PROBLEM REQUIREMENTS:
The pictures stay out. Please retype every line below exactly.

DATASET SECTION:
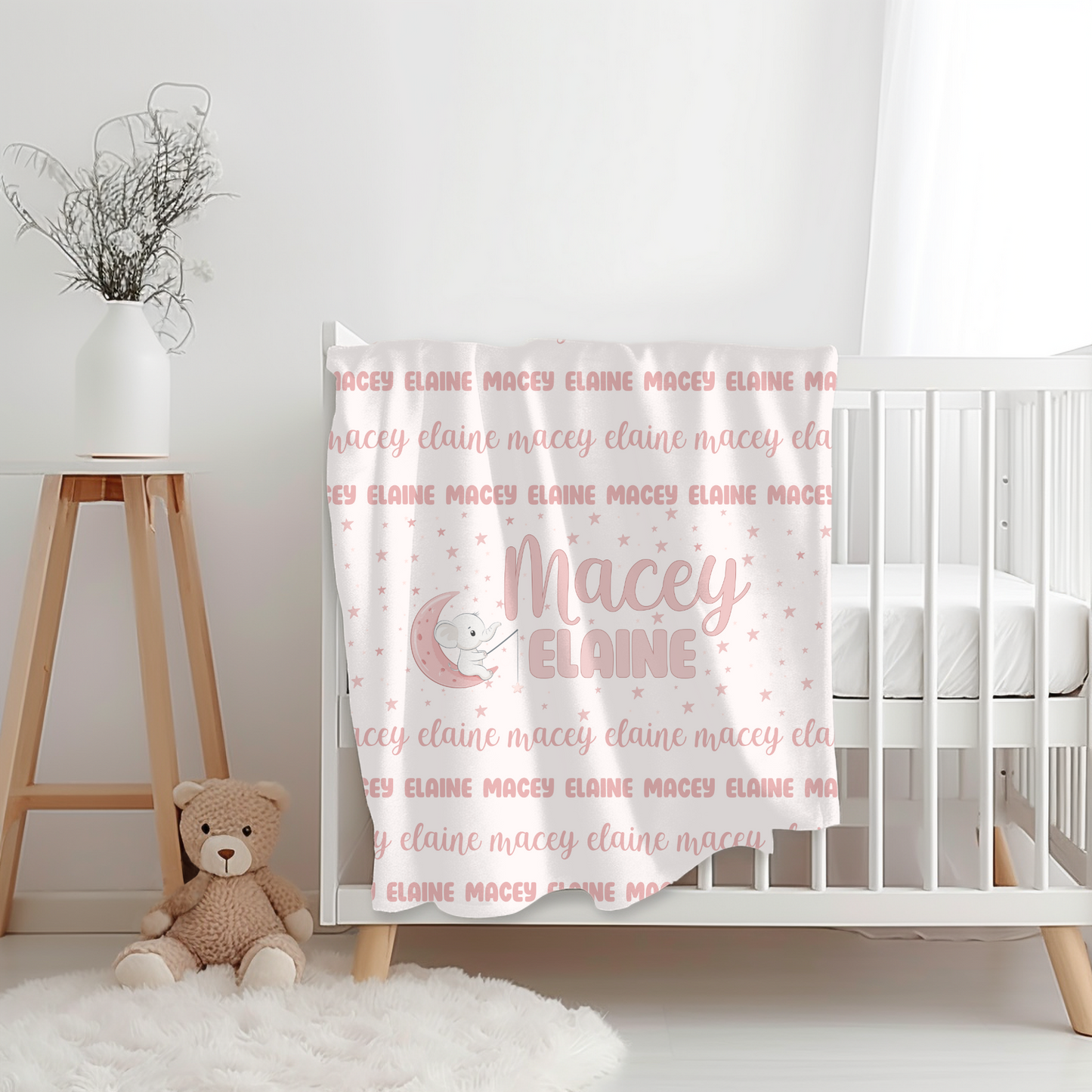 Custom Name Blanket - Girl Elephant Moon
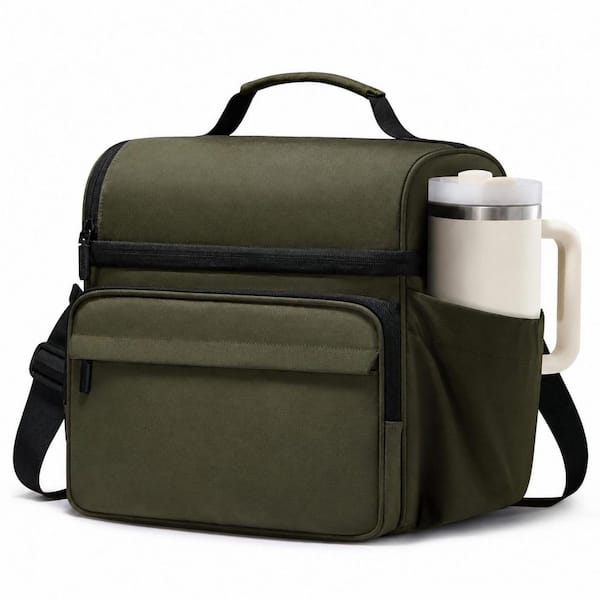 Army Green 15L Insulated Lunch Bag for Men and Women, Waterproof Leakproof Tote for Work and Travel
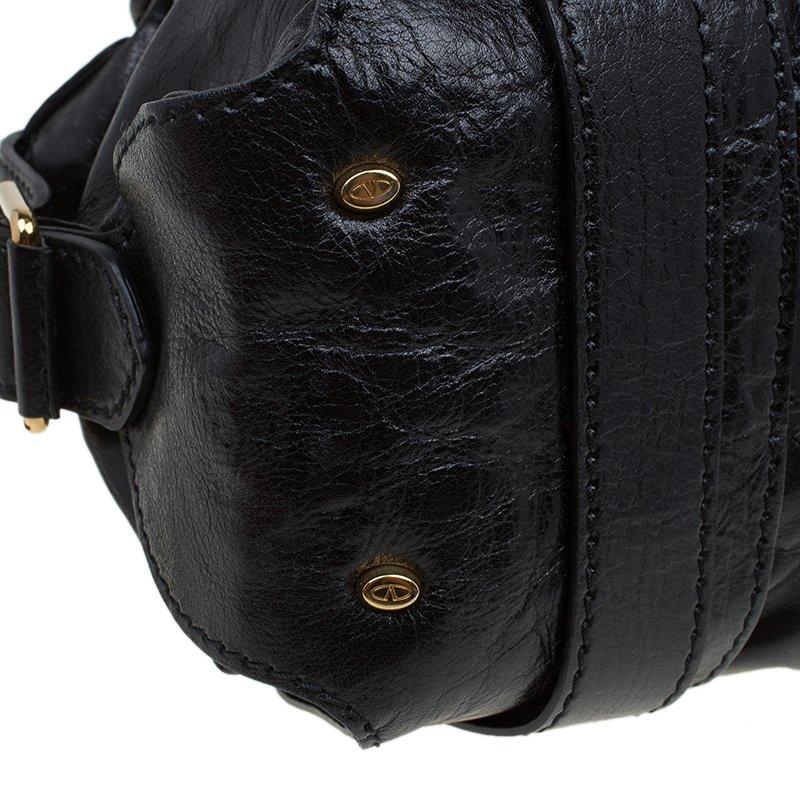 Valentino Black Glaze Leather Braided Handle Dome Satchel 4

ANSWER TO THE EXERCISE:
 Custom Name Blanket - Girl Elephant Moon
 Army Green 15L Insulated Lunch Bag for Men and Women, Waterproof Leakproof Tote for Work and Travel
 Valentino Black Glaze Leather Braided Handle Dome Satchel 4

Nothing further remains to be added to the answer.